What to do
Begin with the line that holds "Neon Pizza Snack logo design" and repeat each line after it exactly, ending with the last line of the listing.

◇ ◇ ◇

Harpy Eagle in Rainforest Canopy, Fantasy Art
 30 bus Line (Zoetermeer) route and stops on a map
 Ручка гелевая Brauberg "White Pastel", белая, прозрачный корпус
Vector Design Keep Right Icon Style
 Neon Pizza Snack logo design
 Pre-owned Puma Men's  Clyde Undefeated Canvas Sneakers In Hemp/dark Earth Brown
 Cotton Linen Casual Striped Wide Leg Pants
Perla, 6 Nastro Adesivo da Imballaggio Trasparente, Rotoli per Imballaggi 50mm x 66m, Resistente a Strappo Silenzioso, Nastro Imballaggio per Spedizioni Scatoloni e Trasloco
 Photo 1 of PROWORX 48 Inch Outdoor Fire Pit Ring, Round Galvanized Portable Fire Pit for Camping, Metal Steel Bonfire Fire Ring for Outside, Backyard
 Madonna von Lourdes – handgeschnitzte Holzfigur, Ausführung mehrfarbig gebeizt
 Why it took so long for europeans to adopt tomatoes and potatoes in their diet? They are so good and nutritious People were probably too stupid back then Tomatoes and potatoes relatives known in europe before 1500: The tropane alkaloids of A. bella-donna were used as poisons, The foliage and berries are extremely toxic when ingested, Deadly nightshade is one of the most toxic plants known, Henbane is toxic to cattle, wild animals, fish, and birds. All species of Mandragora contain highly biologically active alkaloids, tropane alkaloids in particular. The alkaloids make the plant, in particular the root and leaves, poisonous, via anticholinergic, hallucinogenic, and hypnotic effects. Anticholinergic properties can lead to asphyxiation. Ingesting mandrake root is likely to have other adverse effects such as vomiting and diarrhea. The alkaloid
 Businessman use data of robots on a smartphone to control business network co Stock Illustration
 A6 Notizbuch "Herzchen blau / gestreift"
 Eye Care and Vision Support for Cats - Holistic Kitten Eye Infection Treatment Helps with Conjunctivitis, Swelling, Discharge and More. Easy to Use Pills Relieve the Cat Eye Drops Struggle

◇ ◇ ◇

Response to this exercise
 Neon Pizza Snack logo design
 Pre-owned Puma Men's  Clyde Undefeated Canvas Sneakers In Hemp/dark Earth Brown
 Cotton Linen Casual Striped Wide Leg Pants
Perla, 6 Nastro Adesivo da Imballaggio Trasparente, Rotoli per Imballaggi 50mm x 66m, Resistente a Strappo Silenzioso, Nastro Imballaggio per Spedizioni Scatoloni e Trasloco
 Photo 1 of PROWORX 48 Inch Outdoor Fire Pit Ring, Round Galvanized Portable Fire Pit for Camping, Metal Steel Bonfire Fire Ring for Outside, Backyard
 Madonna von Lourdes – handgeschnitzte Holzfigur, Ausführung mehrfarbig gebeizt
 Why it took so long for europeans to adopt tomatoes and potatoes in their diet? They are so good and nutritious People were probably too stupid back then Tomatoes and potatoes relatives known in europe before 1500: The tropane alkaloids of A. bella-donna were used as poisons, The foliage and berries are extremely toxic when ingested, Deadly nightshade is one of the most toxic plants known, Henbane is toxic to cattle, wild animals, fish, and birds. All species of Mandragora contain highly biologically active alkaloids, tropane alkaloids in particular. The alkaloids make the plant, in particular the root and leaves, poisonous, via anticholinergic, hallucinogenic, and hypnotic effects. Anticholinergic properties can lead to asphyxiation. Ingesting mandrake root is likely to have other adverse effects such as vomiting and diarrhea. The alkaloid
 Businessman use data of robots on a smartphone to control business network co Stock Illustration
 A6 Notizbuch "Herzchen blau / gestreift"
 Eye Care and Vision Support for Cats - Holistic Kitten Eye Infection Treatment Helps with Conjunctivitis, Swelling, Discharge and More. Easy to Use Pills Relieve the Cat Eye Drops Struggle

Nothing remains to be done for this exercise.